Marketing the specifics of e-gov

If you build it, they won't necessarily come, e-government officials have discovered.

Merely building federal e-government initiatives is not enough to make citizens use them, so officials at the Office of Management and Budget are trying to figure out what will attract an audience.

Within two weeks, agency officials in partnership with the Council for Excellence in Government will start exploring who is most likely to use each service covered by e-government, how to contact those people and what information they will respond to, Clay Johnson, deputy director for management at OMB, said last week. E-government offerings don't have as many users as they should, Johnson said.

He cited the Internal Revenue Service's Free File as an example of an organization reaching out to its potential audience. This year, Free File is sending postcards to people who fit the general profile of eligibility for free federal income tax filing — about 60 percent of the U.S. population.

According to Karen Evans, OMB's administrator for e-government and information technology, more than 8 million people have filed their taxes electronically so far this year.

Agency officials want outreach for each initiative. "There will be a different marketing plan for each one of them," Johnson said.

One of the first issues officials face is determining each initiative's goals, because only then will they know whom they are trying to reach, Evans said.

Congress also plays a role in marketing e-government services, said Rep.
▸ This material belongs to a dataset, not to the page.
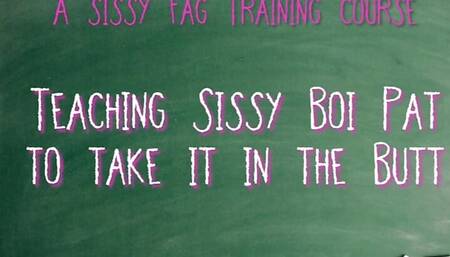 AUDIO ONLY - Teaching sissy boi pat to take it in the butt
Adam Putnam (R-Fla.), chairman of the House Government Reform Committee's Technology, Information Policy, Intergovernmental Relations and the Census Subcommittee.

He and Rep. Tom Davis (R-Va.), committee chairman, have sent letters to other members of Congress encouraging them to point constituents toward FirstGov as a general resource and to the other

e-government Web portals for more specific services, Putnam said at a hearing last week.